This ACSDM algorithm introduces the DPM model [26] with good performance on optical images, and DPM is based on the HOG feature to extract the basic segments. We understand that optical image is an additive model while SAR imagery is a multiplicative model. Therefore, the gradient algorithm in HOG is often replaced by a ratio algorithm for SAR images in order to get transform segments. We tried an algorithm where segments are extracted through the histogram of ratio method, but we have not yet achieved a better result.

The HOG feature is still used in the bottom of the ACSDM algorithm. Although the aircrafts are presented as scattering points in SAR imagery, owing to the special imaging mechanism.

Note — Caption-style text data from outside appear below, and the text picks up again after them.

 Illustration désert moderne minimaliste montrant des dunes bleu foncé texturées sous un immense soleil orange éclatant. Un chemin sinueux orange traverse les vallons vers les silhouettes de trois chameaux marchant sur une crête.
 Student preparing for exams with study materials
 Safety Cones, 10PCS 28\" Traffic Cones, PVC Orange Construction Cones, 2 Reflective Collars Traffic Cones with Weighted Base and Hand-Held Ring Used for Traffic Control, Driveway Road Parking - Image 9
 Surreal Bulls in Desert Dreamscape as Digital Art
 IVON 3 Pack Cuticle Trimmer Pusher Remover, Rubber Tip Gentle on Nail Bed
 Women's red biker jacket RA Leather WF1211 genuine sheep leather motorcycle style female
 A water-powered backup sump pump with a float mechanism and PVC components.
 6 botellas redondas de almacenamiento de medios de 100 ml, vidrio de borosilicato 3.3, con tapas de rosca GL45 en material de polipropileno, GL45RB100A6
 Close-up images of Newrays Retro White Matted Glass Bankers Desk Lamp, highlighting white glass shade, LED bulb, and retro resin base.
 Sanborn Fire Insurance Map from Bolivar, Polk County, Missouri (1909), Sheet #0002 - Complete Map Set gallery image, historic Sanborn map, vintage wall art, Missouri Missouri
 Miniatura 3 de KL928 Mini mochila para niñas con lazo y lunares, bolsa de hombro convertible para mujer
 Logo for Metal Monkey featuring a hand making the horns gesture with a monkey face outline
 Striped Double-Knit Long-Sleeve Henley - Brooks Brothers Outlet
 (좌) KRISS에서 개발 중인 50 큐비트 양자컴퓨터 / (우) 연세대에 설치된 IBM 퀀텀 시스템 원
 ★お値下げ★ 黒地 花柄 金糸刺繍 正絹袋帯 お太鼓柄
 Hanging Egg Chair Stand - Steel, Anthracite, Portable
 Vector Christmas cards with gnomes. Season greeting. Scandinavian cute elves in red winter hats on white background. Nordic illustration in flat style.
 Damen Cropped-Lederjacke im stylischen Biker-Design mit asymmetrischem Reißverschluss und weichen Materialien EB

The target structure is still obvious and the extracted segments are combined for object detection, not for contour extraction. The essence of the HOG feature is that it can effectively describe the gradient, which also applies for objects with clear structure in SAR imagery.

(2) Rotational invariance

In our paper, all the airplanes in the training set have similar positions, the airplane head faces to the left, followed by the tail. Therefore, the trained model is suitable for detecting aircrafts with this orientation. While the original testing images are rotated by 90 and −90 degrees, the airplane components are not detected by the model anymore. However, a good thing is that this model can be trained. when we add all the 90 and −90 degrees images to the training set, a different model is generated. In addition, the corresponding detection results are shown in Figure 10.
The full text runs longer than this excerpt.